=== TASK DETAILS ===
Please output only the lines that begin at the line with "Молодой боец из" and run through the end of the entries below, exactly as written. Drop all pictures.

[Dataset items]
»»
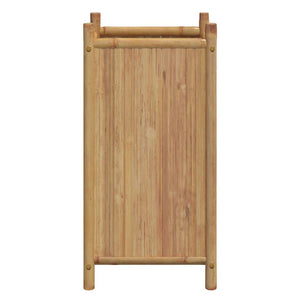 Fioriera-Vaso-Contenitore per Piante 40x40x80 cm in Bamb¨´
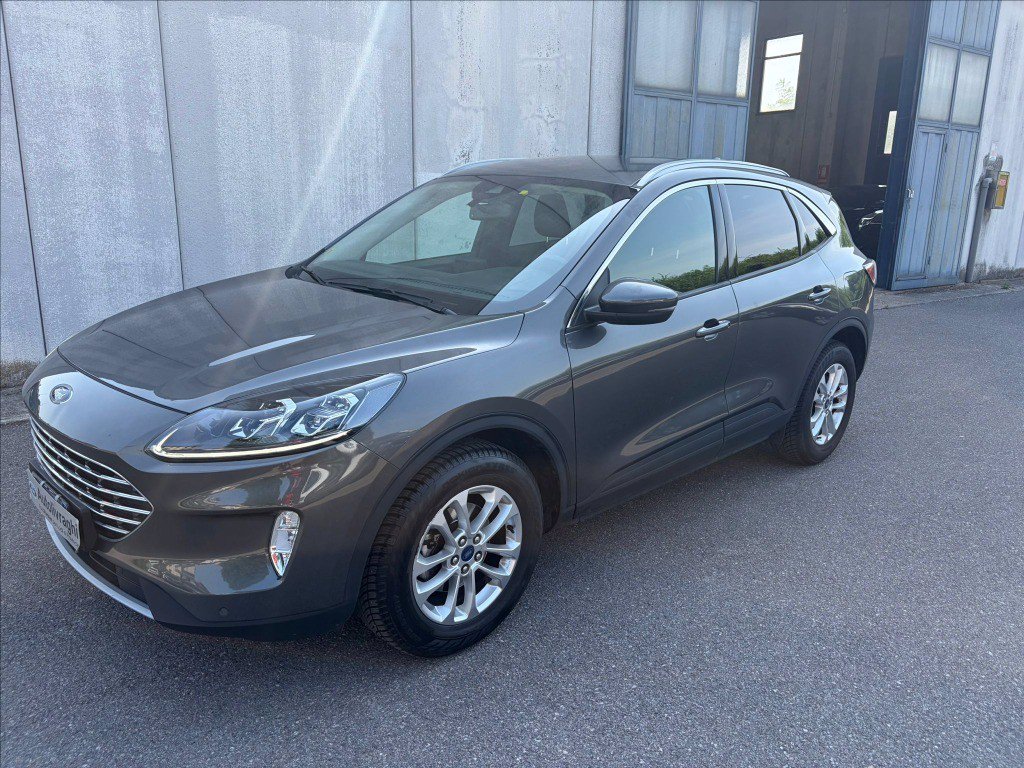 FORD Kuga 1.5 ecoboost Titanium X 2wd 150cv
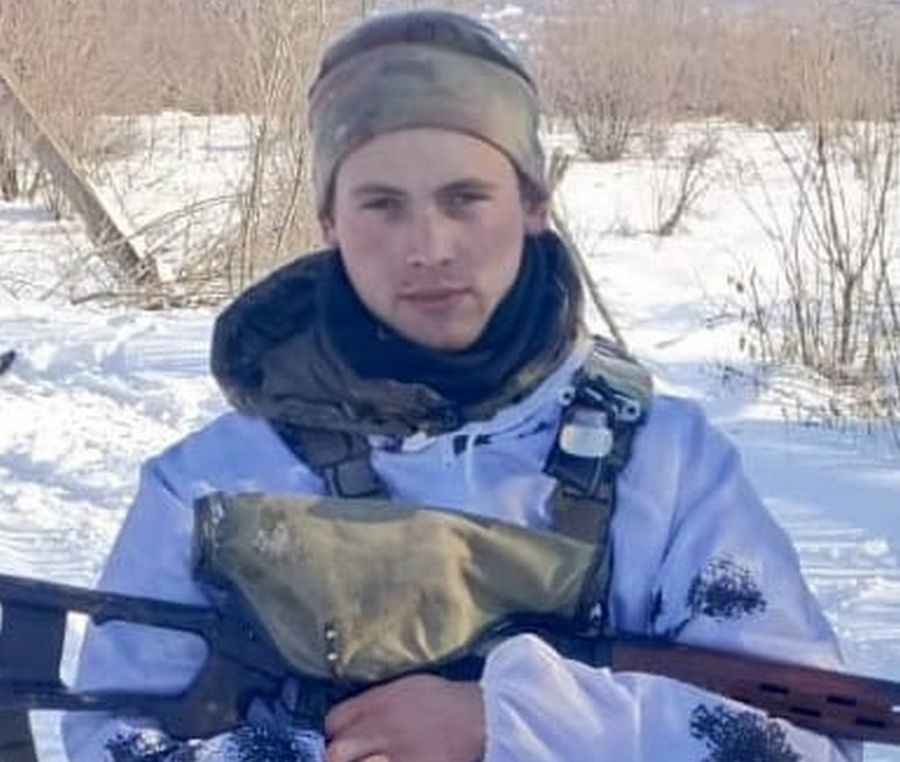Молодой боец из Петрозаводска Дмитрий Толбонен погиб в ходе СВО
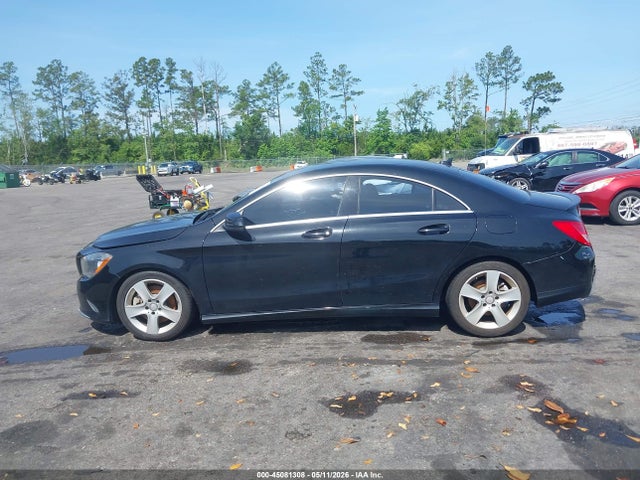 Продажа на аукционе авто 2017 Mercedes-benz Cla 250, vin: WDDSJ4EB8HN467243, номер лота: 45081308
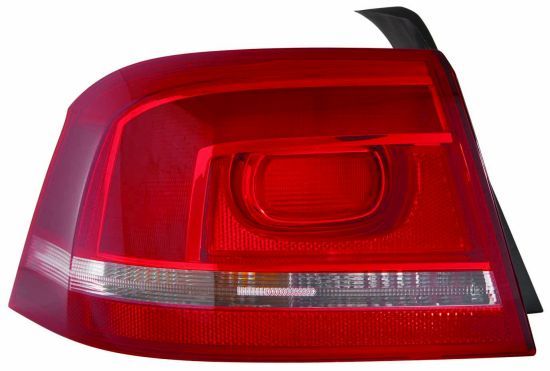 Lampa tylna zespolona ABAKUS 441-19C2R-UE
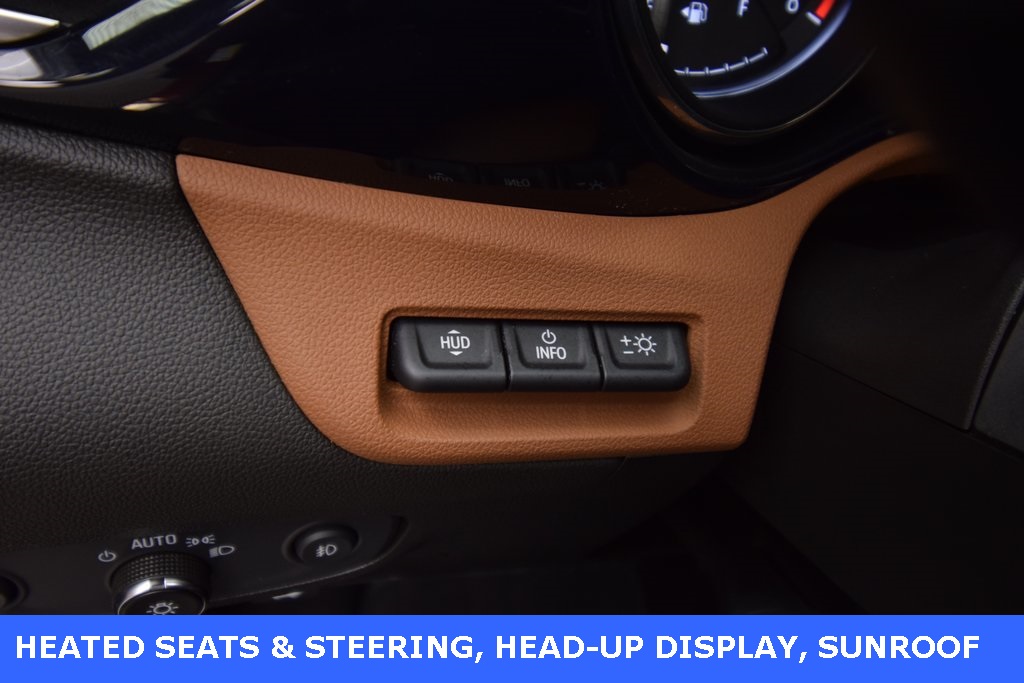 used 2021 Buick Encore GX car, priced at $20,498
««
=== OUTPUT OF THE EXERCISE ===
Молодой боец из Петрозаводска Дмитрий Толбонен погиб в ходе СВО
 Продажа на аукционе авто 2017 Mercedes-benz Cla 250, vin: WDDSJ4EB8HN467243, номер лота: 45081308
 Lampa tylna zespolona ABAKUS 441-19C2R-UE
 used 2021 Buick Encore GX car, priced at $20,498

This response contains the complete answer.